Os rostos fechados de Brown e seus companheiros, reforçados pelas perguntas inaudíveis do entrevistador e pela ausência de instrumentos (só microfones empunhados e os picapes
do D.J.), preenchem a tela toda com uma disposição irada e
incomum para contar suas histórias, não porque elas sejam
peculiares ou curiosas, e sim porque são estranhamente familiares, como se anunciassem, a contragosto, nossa transformação de telespectadores em testemunhas de algo que sempre esteve aí, ao nosso lado.

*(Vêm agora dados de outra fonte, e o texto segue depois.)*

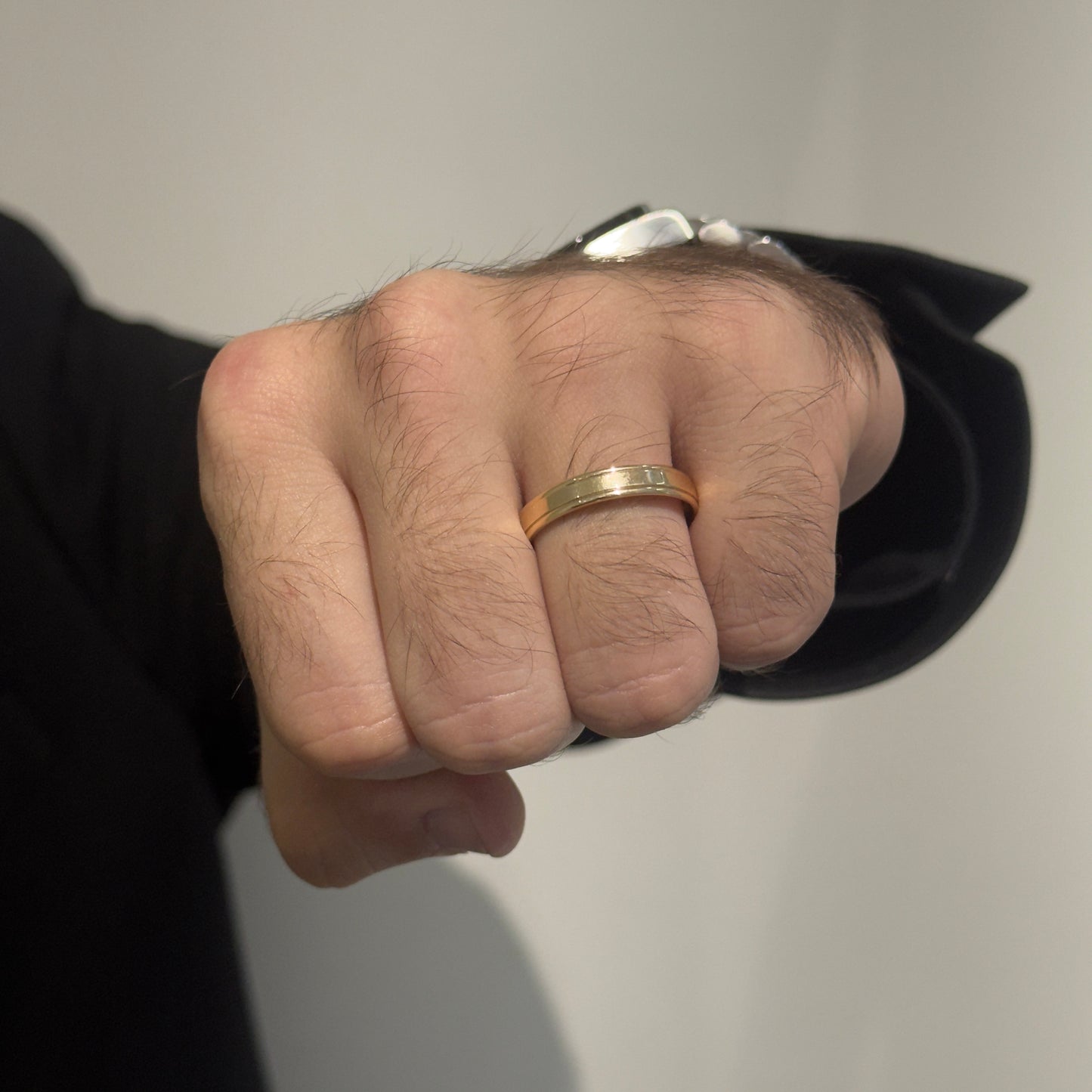 4MM Yellow gold Fancy Wedding Ring by KURY BRIDAL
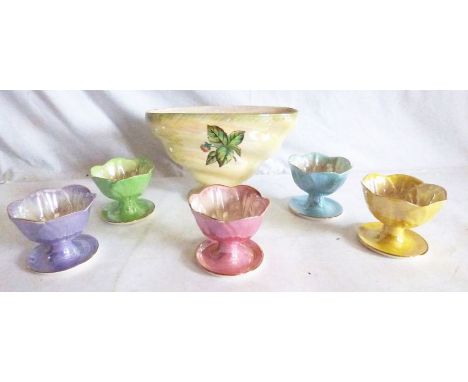 A group of Newcastle upon Tyne Maling Lustre Ware items , to include 5 Sundae dishes in different colours&nbsp;as well as vas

A partir dos depoimentos de
cada um deles, os anos de formação, as amizades no convívio musical, o início do movimento de rappers e funkeiros
na estação São Bento do metrô,
no início da década de 80, são
trazidos nas entrelinhas os elementos que se tornaram habituais a qualquer morador de
uma cidade grande como São
Paulo: a segregação da periferia,
a violência rotineira e testemunhada, o papel dúbio da polícia,
a influência americana nos costumes e atitudes, a desagregação familiar, a presença norteadora da droga etc.
O que os torna o acontecimento musical mais relevante dos
últimos anos é justamente essa capacidade de sintetizar, num
punhado de canções acuradas, a pouca sutileza na construção
de um descaso público e privado, que produziu nas últimas
décadas uma massa de excluídos e cidadãos de segunda classe. A mesma rudeza, agora com sinal invertido, dá o troco e
assombra os "mais favorecidos" em semáforos mal iluminados e em letras agressivas, pondo às claras o conflito de uma
cidade, de um país cujo traço inequívoco é a desigualdade que
ostenta a si mesma como troféu. Precisamos de mais Racionais, não de menos.
Marcio Sattin, 39, é doutorando em filosofia alemã pela FFLCH-USP e pesquisador do grupo de Lógica e Ontologia do Cebrap.